JUAN VILLORO
1 ABR 2016 - 16:08 COT
En su
admirable novela Patria o muerte, Alberto Barrera plantea la paradoja de un
hombre que gobierna su país con absoluto sentido del control, pero encuentra
una inesperada región indómita: su propio cuerpo.
La
trama se enmarca en los últimos días de Hugo Chávez. Todo se ha polarizado en
Venezuela: “La única síntesis de esa dialéctica era el mal humor”, escribe
Barrera. Si alguien muestra recelo ante el líder, el oficialismo lo llama
“escuálido”, insulto acuñado por el comandante cuyo primer juguete fue el
micrófono que descubrió en su escuela.
Como en
tantos momentos históricos de América Latina, la sociedad se divide en bandos
teóricamente irreductibles. Los chavistas y los antichavistas parecen
pertenecer a cosmogonías distintas; sin embargo, la procelosa realidad hace que
los dogmas y los destinos se confundan. Narradas por Barrera, las historias son
más complejas que la ideología.
Un
periodista que repudia al Gobierno revolucionario aprovecha la ley inquilinaria
para vivir en un departamento sin pagar renta. Su casera es una mujer que se
opone a la acción violenta, pero acepta servirse de unas brigadistas para
invadir su propia casa. Página a página, las convicciones son rectificadas por
los infinitos matices de la realidad. Una mujer que entiende la paranoia como
un principio de supervivencia es alcanzada por las balas que le dan la razón y
el hombre que detesta el pacto de sangre entre Chávez y Castro, participa en
otro pacto: se casa con una cubana para recibir información confidencial a
cambio de ayudarla a salir de la isla.
Visión
crítica de un país donde la política se ha convertido en religión, Patria o
muerte es un asombroso lugar de discrepancia donde se explica la atracción del
chavismo. Una voz que puede pertenecer a millones de venezolanos narra una
infancia menesterosa en la que sus padres iban a los barrios ricos a ver cómo
vivía “la gente”: aquellas casas intangibles eran habitadas por personas. El
resto vivía en la sombra. Esta escena no justifica las reivindicaciones
chavistas, pero permite comprenderlas.
En una
Latinoamérica afecta a las divisiones terminales, Barrera ha emprendido una
aventura de la pluralidad con los recursos de los que sólo dispone la novela.

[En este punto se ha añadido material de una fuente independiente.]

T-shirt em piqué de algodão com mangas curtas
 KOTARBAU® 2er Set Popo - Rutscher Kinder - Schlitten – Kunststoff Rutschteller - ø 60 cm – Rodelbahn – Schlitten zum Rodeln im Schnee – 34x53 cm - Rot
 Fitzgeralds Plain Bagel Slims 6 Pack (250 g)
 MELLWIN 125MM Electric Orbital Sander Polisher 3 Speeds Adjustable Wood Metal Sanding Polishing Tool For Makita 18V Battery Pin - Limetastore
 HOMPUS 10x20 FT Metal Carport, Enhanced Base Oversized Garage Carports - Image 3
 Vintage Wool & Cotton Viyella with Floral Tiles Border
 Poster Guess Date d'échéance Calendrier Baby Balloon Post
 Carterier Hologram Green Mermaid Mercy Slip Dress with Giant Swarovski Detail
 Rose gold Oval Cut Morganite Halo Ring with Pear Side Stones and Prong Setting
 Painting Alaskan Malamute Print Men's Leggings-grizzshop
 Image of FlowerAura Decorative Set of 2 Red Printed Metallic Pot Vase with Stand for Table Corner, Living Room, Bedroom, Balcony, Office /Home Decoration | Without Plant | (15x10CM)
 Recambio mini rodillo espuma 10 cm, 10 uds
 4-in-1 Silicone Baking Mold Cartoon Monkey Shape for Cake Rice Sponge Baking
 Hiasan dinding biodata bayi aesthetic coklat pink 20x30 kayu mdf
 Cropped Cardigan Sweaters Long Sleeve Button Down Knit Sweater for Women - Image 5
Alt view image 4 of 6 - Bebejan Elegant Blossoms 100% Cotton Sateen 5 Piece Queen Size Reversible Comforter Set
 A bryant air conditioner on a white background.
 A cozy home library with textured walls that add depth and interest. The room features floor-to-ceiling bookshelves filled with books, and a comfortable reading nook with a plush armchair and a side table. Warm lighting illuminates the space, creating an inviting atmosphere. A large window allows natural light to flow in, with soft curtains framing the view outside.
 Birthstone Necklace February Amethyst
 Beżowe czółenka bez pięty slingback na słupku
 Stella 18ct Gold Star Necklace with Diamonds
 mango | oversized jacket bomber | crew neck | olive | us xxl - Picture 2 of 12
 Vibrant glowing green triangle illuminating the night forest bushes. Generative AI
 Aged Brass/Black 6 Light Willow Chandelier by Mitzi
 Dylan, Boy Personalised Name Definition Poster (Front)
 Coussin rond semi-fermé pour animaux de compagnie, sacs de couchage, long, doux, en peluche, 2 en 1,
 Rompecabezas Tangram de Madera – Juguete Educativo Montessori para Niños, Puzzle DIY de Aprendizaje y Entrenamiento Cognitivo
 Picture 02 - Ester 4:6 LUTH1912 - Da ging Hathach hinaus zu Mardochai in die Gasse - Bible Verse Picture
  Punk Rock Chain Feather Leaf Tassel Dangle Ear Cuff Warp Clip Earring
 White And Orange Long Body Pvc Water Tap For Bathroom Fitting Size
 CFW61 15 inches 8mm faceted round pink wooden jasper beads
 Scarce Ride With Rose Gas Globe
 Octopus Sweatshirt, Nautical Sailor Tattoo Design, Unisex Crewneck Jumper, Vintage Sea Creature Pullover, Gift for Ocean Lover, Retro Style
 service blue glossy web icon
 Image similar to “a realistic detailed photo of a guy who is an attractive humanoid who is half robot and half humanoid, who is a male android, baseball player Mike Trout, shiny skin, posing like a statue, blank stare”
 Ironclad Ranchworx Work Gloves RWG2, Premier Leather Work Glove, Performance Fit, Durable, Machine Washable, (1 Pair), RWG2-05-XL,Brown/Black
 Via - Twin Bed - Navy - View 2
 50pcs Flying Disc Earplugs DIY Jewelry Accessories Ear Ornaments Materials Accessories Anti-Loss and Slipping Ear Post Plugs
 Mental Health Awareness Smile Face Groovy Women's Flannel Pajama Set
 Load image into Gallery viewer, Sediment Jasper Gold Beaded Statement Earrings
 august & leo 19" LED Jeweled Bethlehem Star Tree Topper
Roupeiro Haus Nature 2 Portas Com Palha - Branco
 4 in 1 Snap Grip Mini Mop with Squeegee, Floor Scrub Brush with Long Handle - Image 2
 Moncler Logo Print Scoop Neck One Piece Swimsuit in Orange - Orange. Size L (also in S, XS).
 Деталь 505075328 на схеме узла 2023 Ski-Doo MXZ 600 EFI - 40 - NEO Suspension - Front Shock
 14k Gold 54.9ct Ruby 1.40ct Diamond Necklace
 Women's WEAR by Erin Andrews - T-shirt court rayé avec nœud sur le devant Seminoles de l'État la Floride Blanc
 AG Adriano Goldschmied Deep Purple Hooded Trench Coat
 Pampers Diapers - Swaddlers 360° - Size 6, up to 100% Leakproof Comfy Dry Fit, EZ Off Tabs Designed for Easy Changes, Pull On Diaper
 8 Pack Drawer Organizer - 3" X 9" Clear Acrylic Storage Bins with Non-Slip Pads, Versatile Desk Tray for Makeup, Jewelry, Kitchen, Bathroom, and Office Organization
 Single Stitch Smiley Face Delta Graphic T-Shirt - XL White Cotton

La agonía del caudillo es relatada en variados discursos íntimos. Unos festejan
con dicha punitiva, otros padecen una orfandad anticipada, otros más luchan por
equilibrar el alivio y la compasión. Todos aguardan. Los síntomas del líder son
los de su ánimo.
Chávez
entiende la enfermedad en clave política: “Acababa de mandar también otro
mensaje, estaba dejando claro que la única voz autorizada para hablar de su
cuerpo era la suya. Que él era el único dueño de su enfermedad. Qué él
gobernaba, también, sobre el saber clínico, sobre la ciencia, sobre lo que
podía conocerse y decirse a propósito de su salud. En el fondo, estaba dejando
claro que, incluso desde un quirófano, seguiría haciendo política”. Sin
embargo, ya Gógol descubrió que no hay nada más risible que el cuerpo humano,
ese depósito de misterios que tiene una idea genial y luego un retortijón.
Chávez
no gobierna su organismo. Lo peor para su causa es que hay testimonio de ello.
Sus últimas horas son registradas en un teléfono celular. Ese testimonio
desmitificador va a dar a unos niños, que entenderán esa historia desde el
porvenir.
“Los
dioses no tienen cuerpo”, escribe Barrera. Demasiado tarde, el caudillo
descubre su condición mortal. Patria o muerte es el mapa de un país, o de un
continente, donde se vive para evadir a los otros y se comprueba que sólo se
existe a través de ellos.
La
impresionante lección política de un gran novelista.